Art Space Celebrates Decade of Pushing Boundaries

By Cora Wang

Future TenantArt is about experimenting and testing limits.

Future Tenant, a downtown Pittsburgh art space, keeps that in mind as an arts management training laboratory managed completely by students. It's been that way for a decade.

Back in 2002, the art gallery was a vacant storefront waiting for a "future tenant" when Kevin McMahon, president of the Pittsburgh Cultural Trust, envisioned revitalizing the Cultural District. He reached out to Jerry Coltin, faculty adviser of the Master of Arts Management (MAM) program in the Heinz College,
and Dan Martin, professor and interim dean of the College of Fine Arts.

"It is a unique opportunity, because it gives students an opportunity to manage at a high-strategic level in a structure that closely imitates the [nonprofit organization] arts environment, while providing a fiscal safety net," Coltin said. "I do not believe there are any practicum opportunities that can match Future Tenant for the experience of managing a staff, board, budget and programming."

The space is now one of the most vibrant art spaces downtown. And beyond that, a laboratory for creative minds. Ownership as well as an open space, grants MAM students the freedom to carry out great ideas that seem impossible elsewhere.

"The job at Future Tenant offers you the most autonomy, the ability to self-motivate, be hands-on for the things you want to be doing rather than just working underneath people," said Erin Gough, a co-director for the current academic year.

Future Tenant's arts managers have exploited the open space in every possible way for visual and performing arts.
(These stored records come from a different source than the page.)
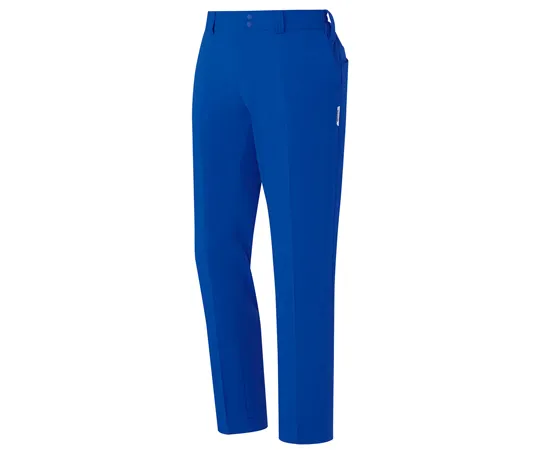65-1306-52 Work Clothes, High Stretch Pants Royal Blue S VES623-SITA-S VES623-SITA-S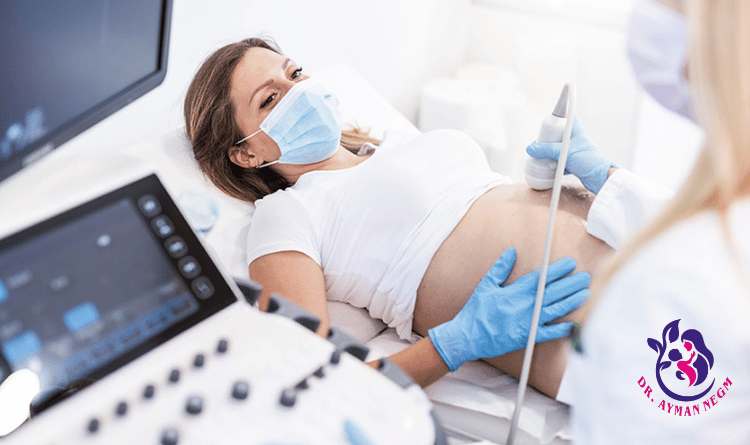 اهم المشكلات التي يعالجها دكتور امراض النساء و التوليد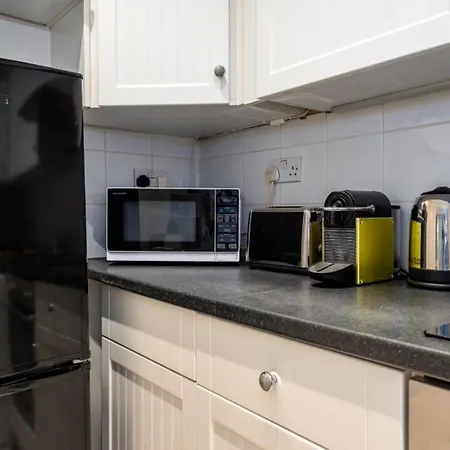 Guestready - One Modern In Kensington *
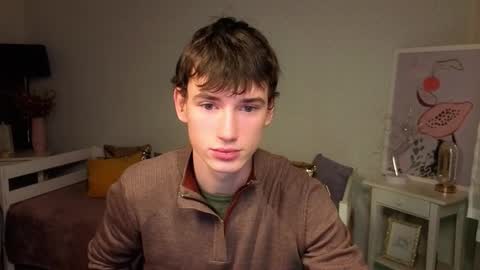 Max online show from 12.17.25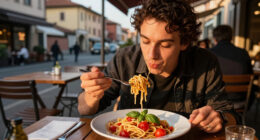 Dove Mangiare Bene A Monza E Dintorni Durante Il GP Di Formula 1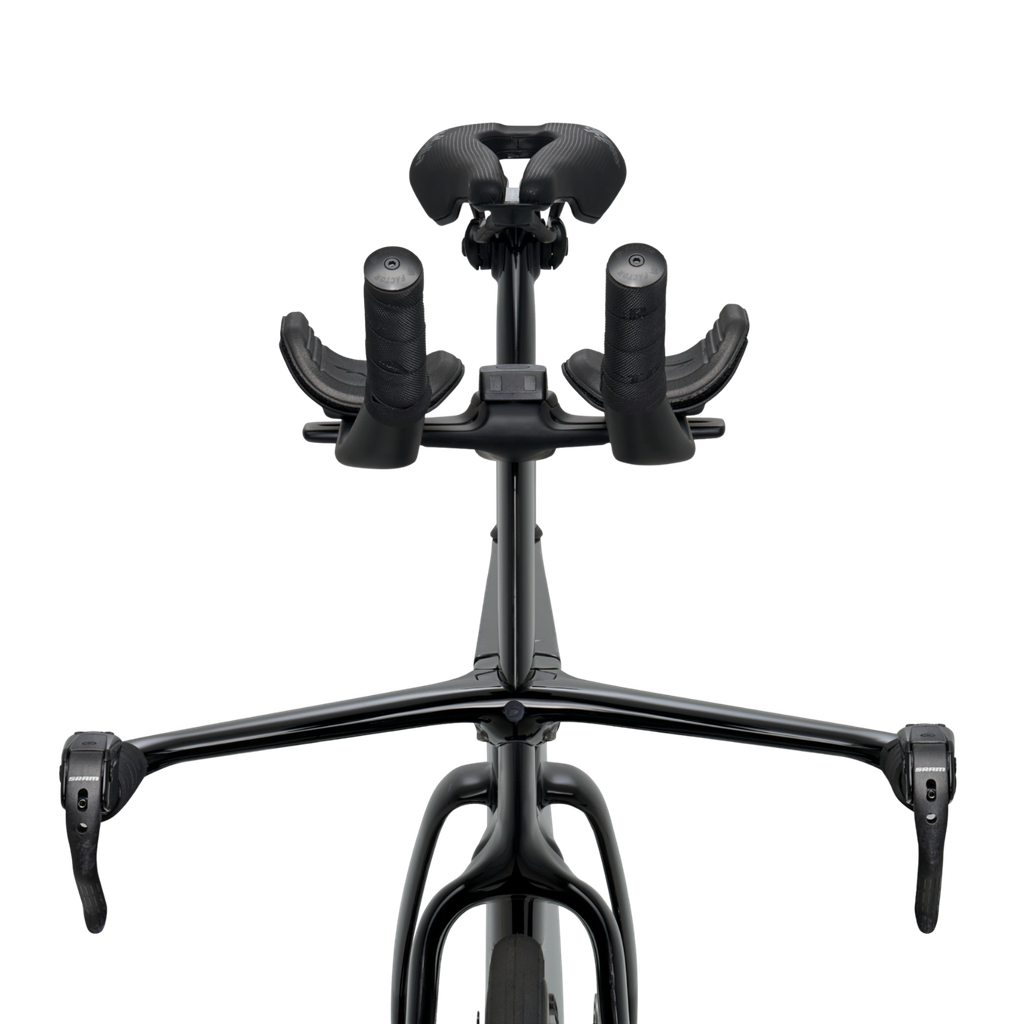 Bicicleta Factor Hanzo TT Sram Red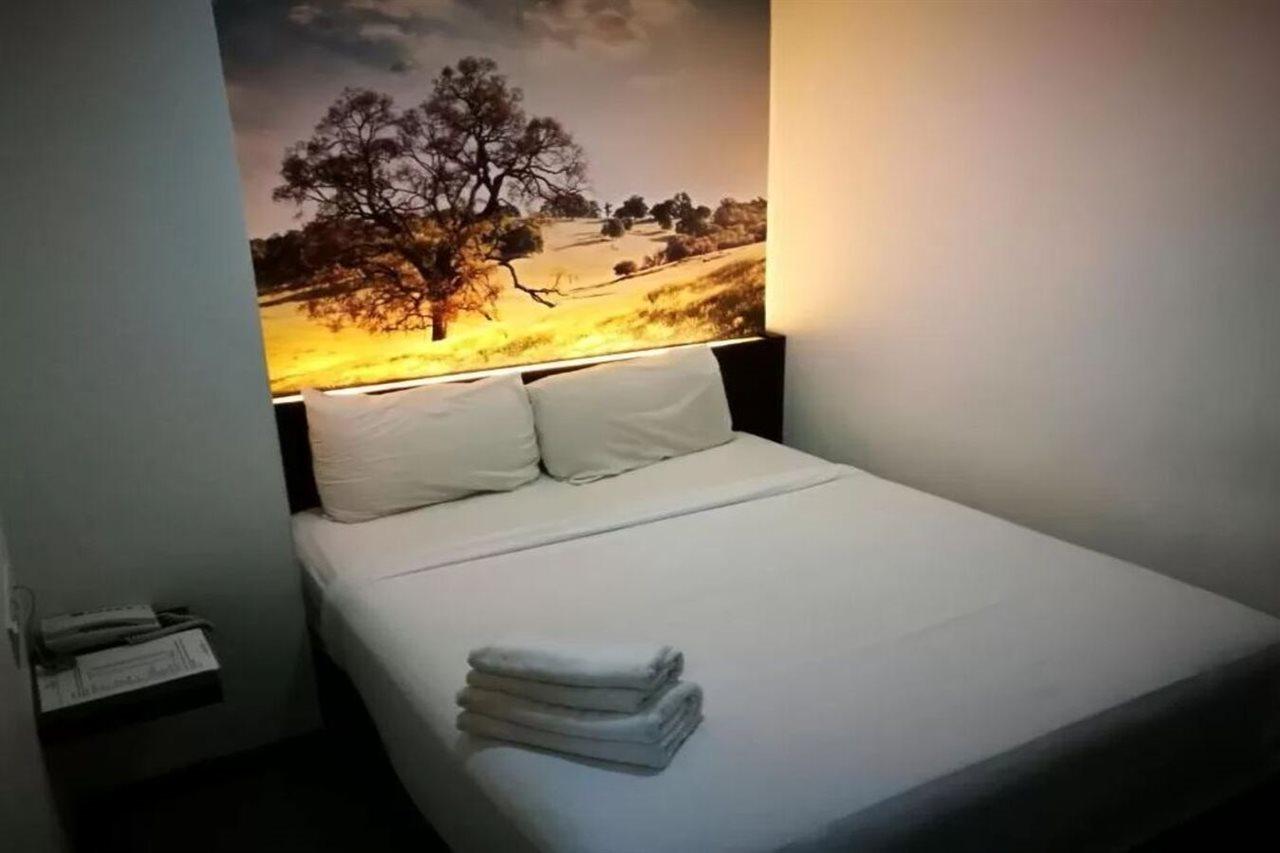 Swiss Hotel Kuala Lumpur Eksteriør billede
Even the bathroom and windows are utilized, serving as interesting venues for site-specific installations. The Trespass program, which runs twice a year, allows artists to spend a week at Future Tenant developing, rehearsing and performing their original work at no cost.
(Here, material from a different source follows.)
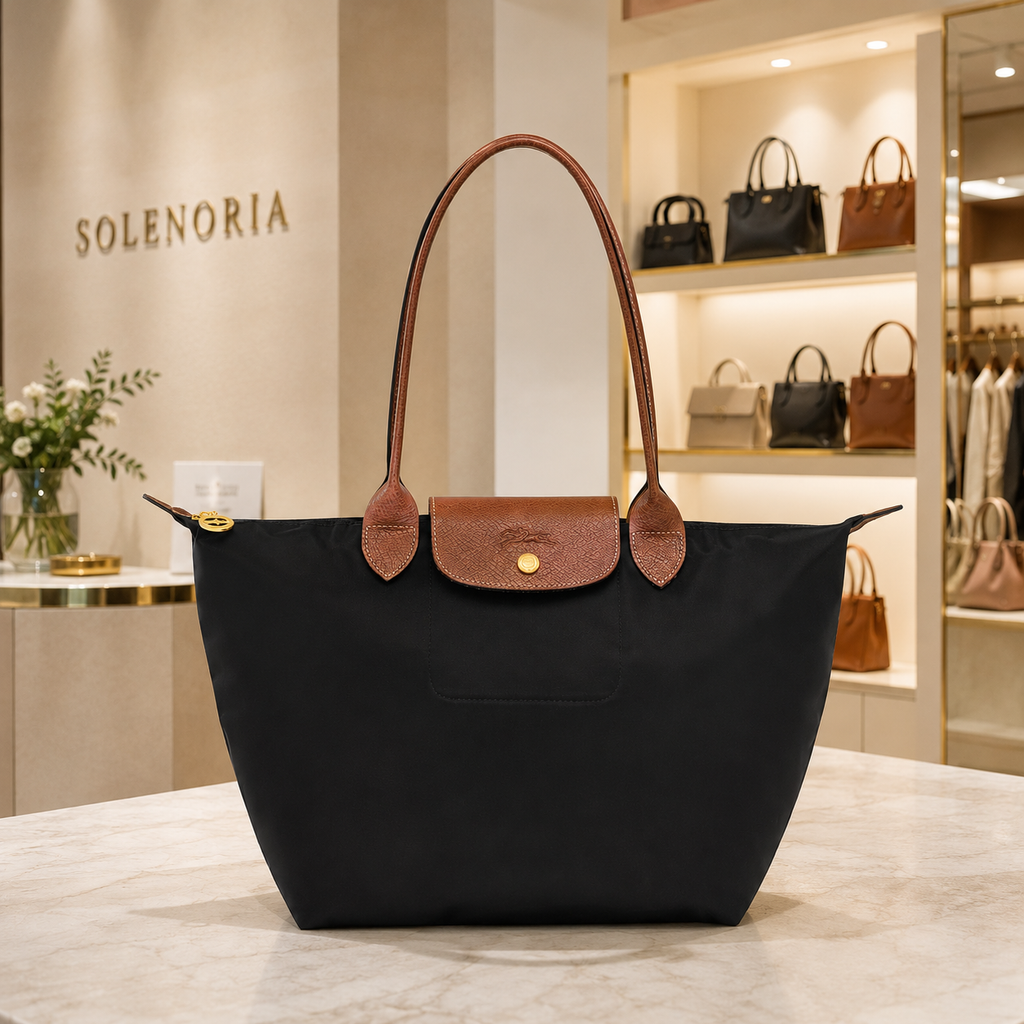Audrey Tote Bag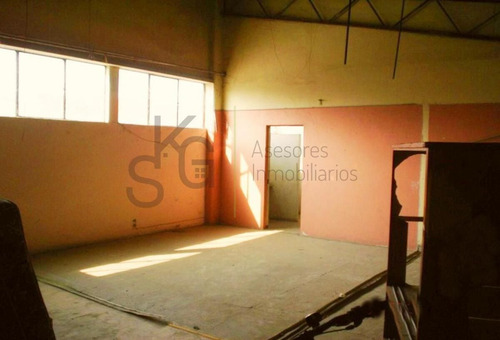 Renta De Nave Industrial En Tizayuca Hidalgo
For the past 10 years, Future Tenant has presented work from more than 100 emerging artists and performers. Core programs include the guest curator program, performance events, a performance residency series, and several partnerships with local schools and colleges.

This experience provides the arts managers with a collaborative environment, working not only with fellow students, but artists, curators, local arts and culture organizations, and the community.

"The most valuable thing I found was the collaborative process," said Kate Hansen, who served as a co-director from 2009 to 2010. "I met a lot of really interesting curators, artists, performers, etc. through my work at the space. As someone focused on the visual arts for most of my life, having the experience working with performing/theater artists and managers taught me a lot about the performative arts and both their artistic and technical function."

As Future Tenant enters its 10th year, innovation and collaboration continue to be the driving force of the arts managers running the organization.

For the upcoming annual fundraiser, the theme will be focused on the organization's 10th birthday.

"We've tried to grow the fundraiser as we've grown as an organization, and we're hoping this is the most successful event yet," said Katy Peace, the other co-director for the current year.

Future Tenant is partnering with Bakery Square and The School of Art to hold the event in Bakery Square's grand first floor. Master's of Fine Arts students will exhibit their creative art works. The move to a larger venue allows artists exposure to a larger and more varied audience.

"There's a general trend that things aren't happening because of the [size of Future Tenant's] space," said Lauren Goshinski, marketing and communications manager for the School of Art. "People aren't looking for gallery resources anymore. They are looking for opportunities to come together, raise each other's visibility, and have a really unique show."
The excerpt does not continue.